In einem Infoblatt des Met Office Hadley Centres von 2019 hieß es auch, dass der Klimawandel im Laufe des 21. Jahrhunderts „die AMOC höchstwahrscheinlich schwächen“ könne. Ein „Stillstand“ sei aber „sehr unwahrscheinlich“. 

Boers: Lauterbachs Aussage über noch stärkere Niederschläge durch AMOC-Kollaps ist nicht korrekt

Boers widerspricht allerdings Lauterbachs Behauptung, dass mit dem Zusammenbruch des Strömungssystems mit „noch stärkeren Niederschlägen bei uns gerechnet“ werde. Das sei nicht korrekt. Laut Boers würde es voraussichtlich durch einen AMOC-Kollaps in Europa weniger regnen. Als Beleg verweist er auf eine weitere Grafik aus dem Artikel von 2015

Veränderung des Niederschlags in Millimeter pro Tag
Veränderung des Niederschlags in Millimeter pro Tag: Laut des Modells des Met Office Hadley Centre könnten die Niederschläge in Nordeuropa durch einen AMOC-Kollaps abnehmen. Andere Effekte wie durch die Erderwärmung wurden hier nicht einbezogen. (Quelle: Climate Dynamics (2015): „Global and European climate impacts of a slowdown of the AMOC in a high resolution GCM“, Seite 6 / Screenshot: CORRECTIV.Faktencheck)

Solche Simulationen seien mit Unsicherheiten behaftet, sagt Boers, doch es handele sich um ein „sehr gutes Modell“. 
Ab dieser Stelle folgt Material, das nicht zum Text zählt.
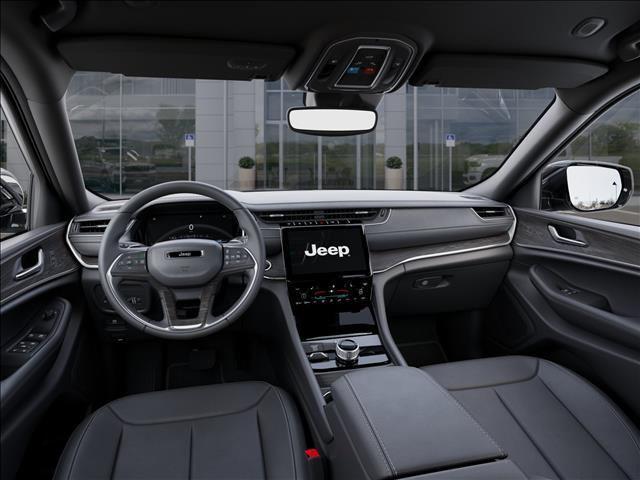 new 2025 Jeep Grand Cherokee car, priced at $37,668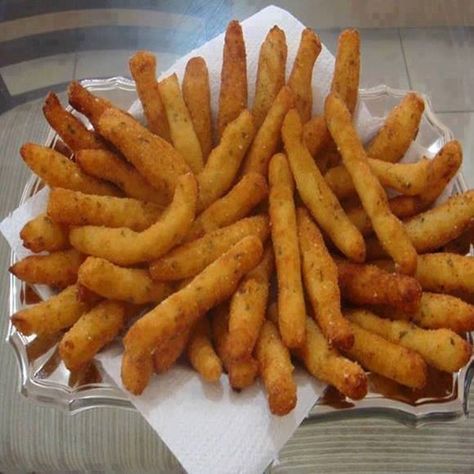 BASTONCINI DI PATATE AROMATIZZATE, croccanti Brazilian Food, Portuguese Recipes, French Fries, Finger Foods, Food Hacks, Street Food, Italian Recipes, Food Inspiration, Food Videos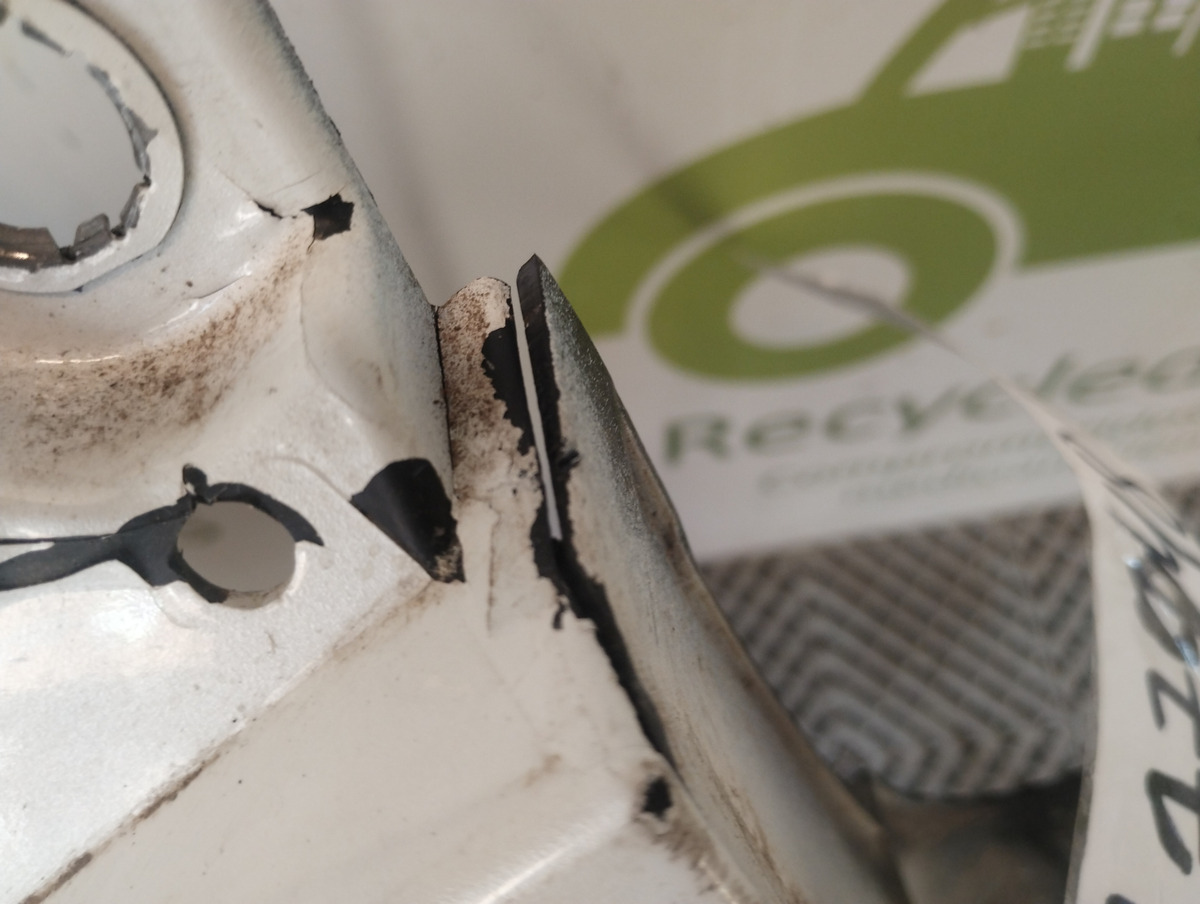 Guardabarro Izquierdo Peugeot 308 (05177948)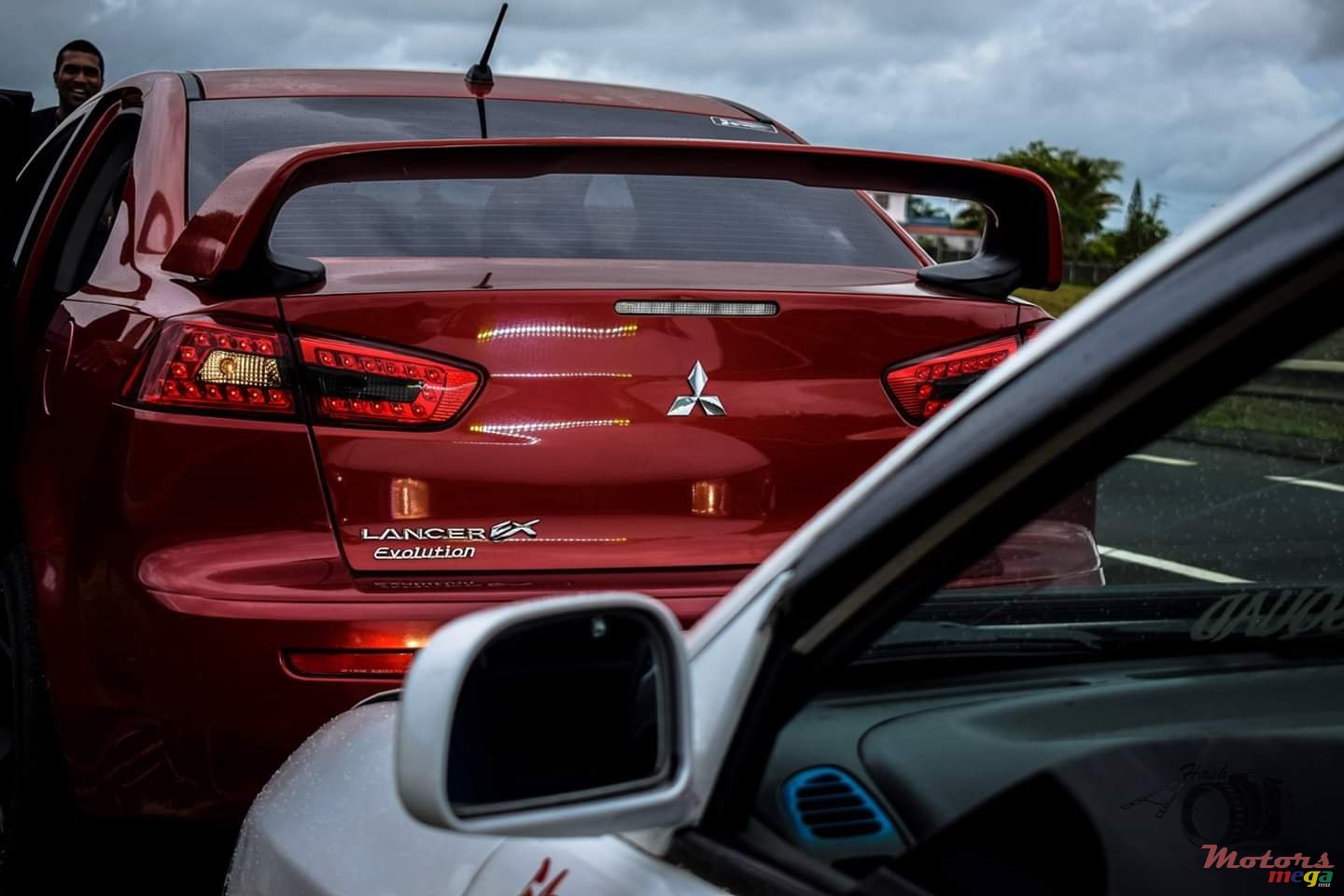 2009' Mitsubishi Lancer Evolution photo #1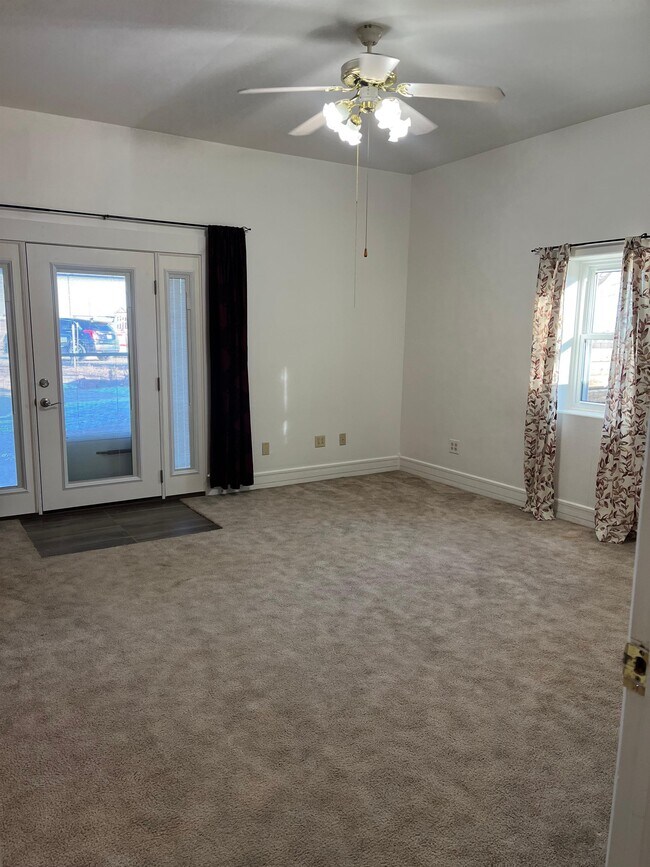Foto del edificio - 7604 Ridge Rd
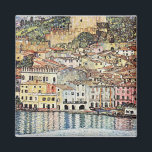 Malcesine am Gardasee av Gustav Klimt Magnet<br><div class="desc">Malcesine am Gardasee,  berömd tavla av Gustav Klimt,  1913.</div>
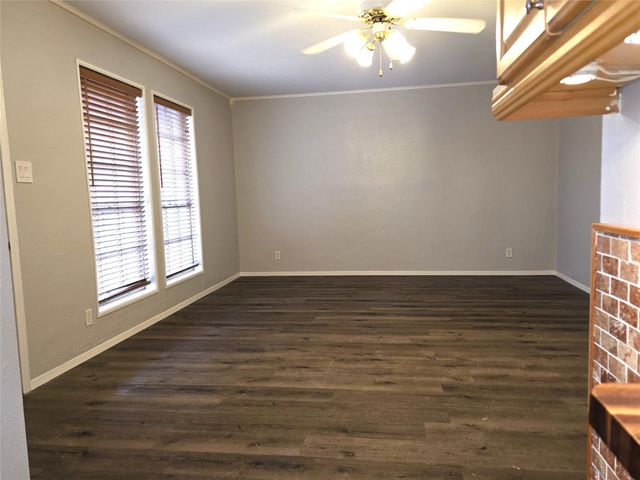 1108 Green Downs DR, Round Rock, TX 78664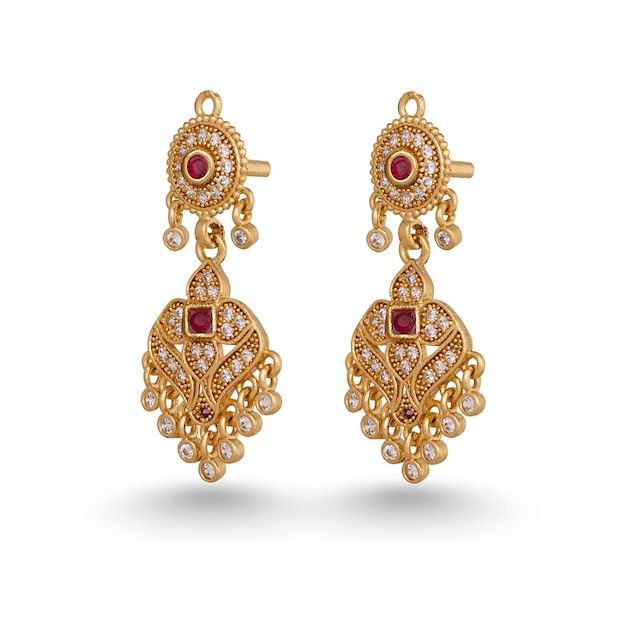 Un par de aretes de oro con piedras rojas.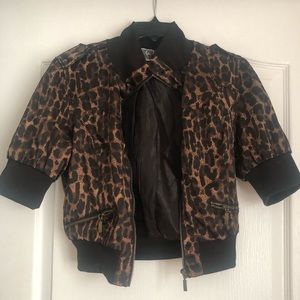 Cropped leopard jacket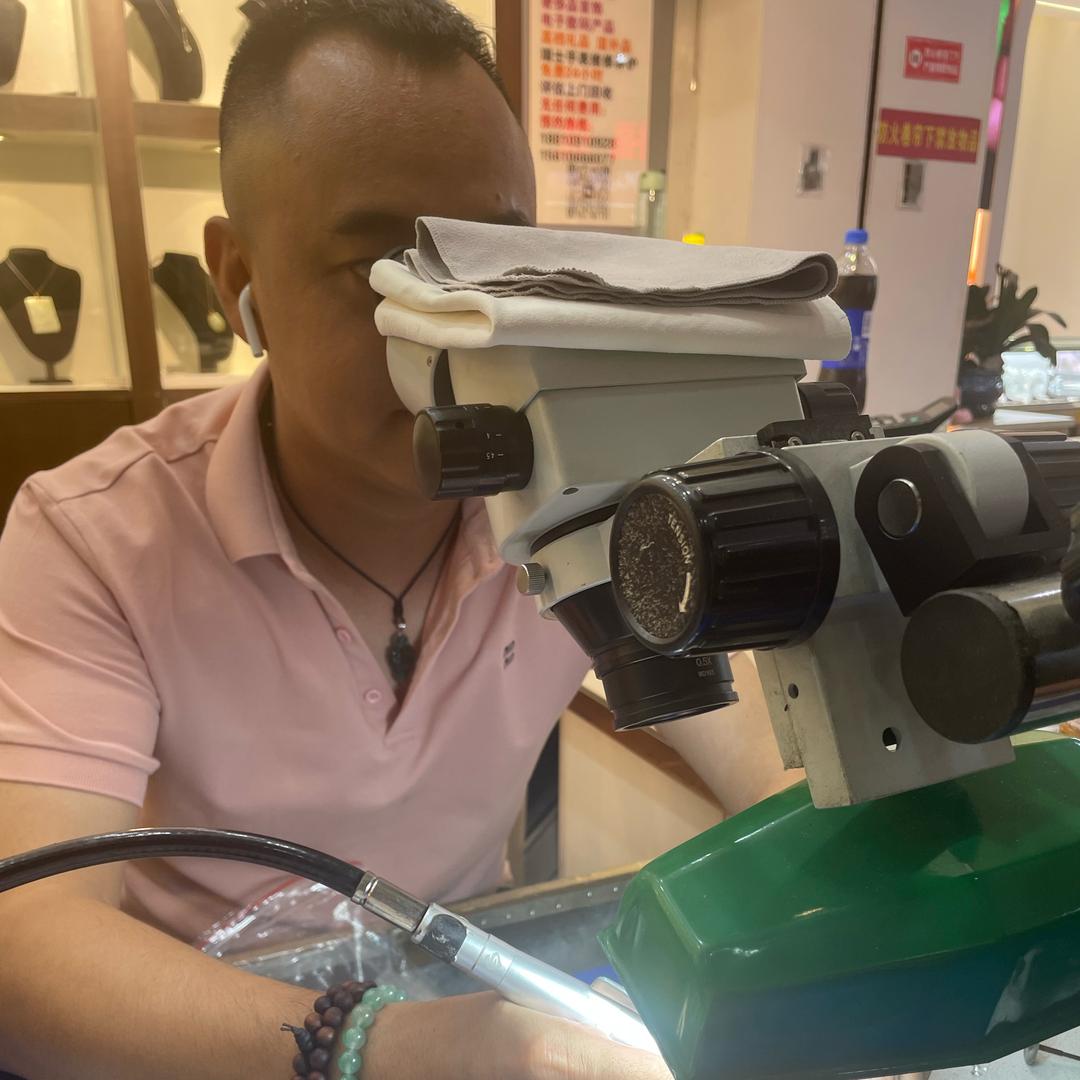 首饰匠人张改改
Wichtig ist: Die Simulationen berücksichtigen laut Boers nicht die globale Erwärmung durch Treibhausgase, sondern betrachten nur den isolierten Effekt eines AMOC-Kollapses. Das steht auch in der Arbeit des Met Office Hadley Centres: „Diese Ergebnisse sind eher Simulationen von Auswirkungen als Vorhersagen oder Projektionen, da sie von einem möglichen AMOC-Kollaps im heutigen Klima ausgehen.“ Sollte es in Zukunft wirklich zu so einem Kollaps kommen, würde sich dieser mit dem Anstieg von Treibhausgasen kombinieren. Wie stark die Auswirkungen auf das Klima wären, sei dann abhängig den jeweiligen Umständen und der globalen Erwärmung. 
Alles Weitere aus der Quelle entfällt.